--- Record set ---
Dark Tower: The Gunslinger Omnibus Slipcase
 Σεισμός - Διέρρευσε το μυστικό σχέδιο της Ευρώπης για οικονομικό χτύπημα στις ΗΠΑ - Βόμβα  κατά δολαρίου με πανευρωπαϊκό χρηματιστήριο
---
--- Record set ---
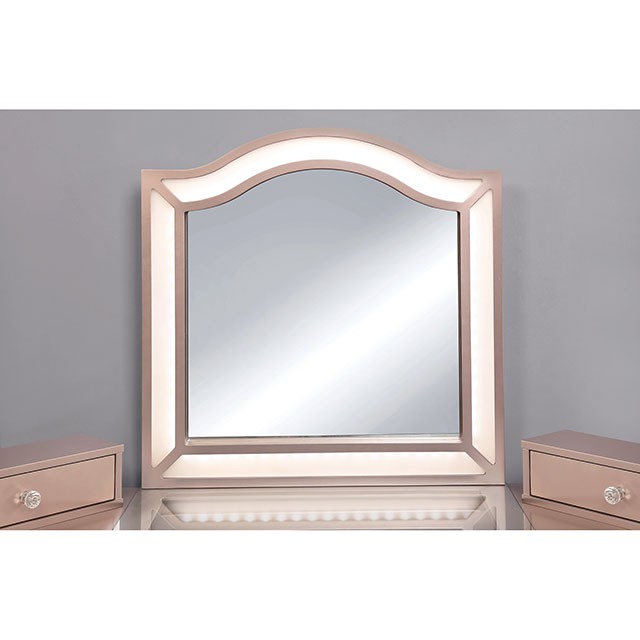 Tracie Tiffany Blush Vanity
---
Please return the lines above that run from the line containing "Dark Tower: The Gunslinger Omnibus Slipcase" to the line containing "Σεισμός - Διέρρευσε", inclusive, exactly and with no other lines.

Output —
Dark Tower: The Gunslinger Omnibus Slipcase
 Σεισμός - Διέρρευσε το μυστικό σχέδιο της Ευρώπης για οικονομικό χτύπημα στις ΗΠΑ - Βόμβα  κατά δολαρίου με πανευρωπαϊκό χρηματιστήριο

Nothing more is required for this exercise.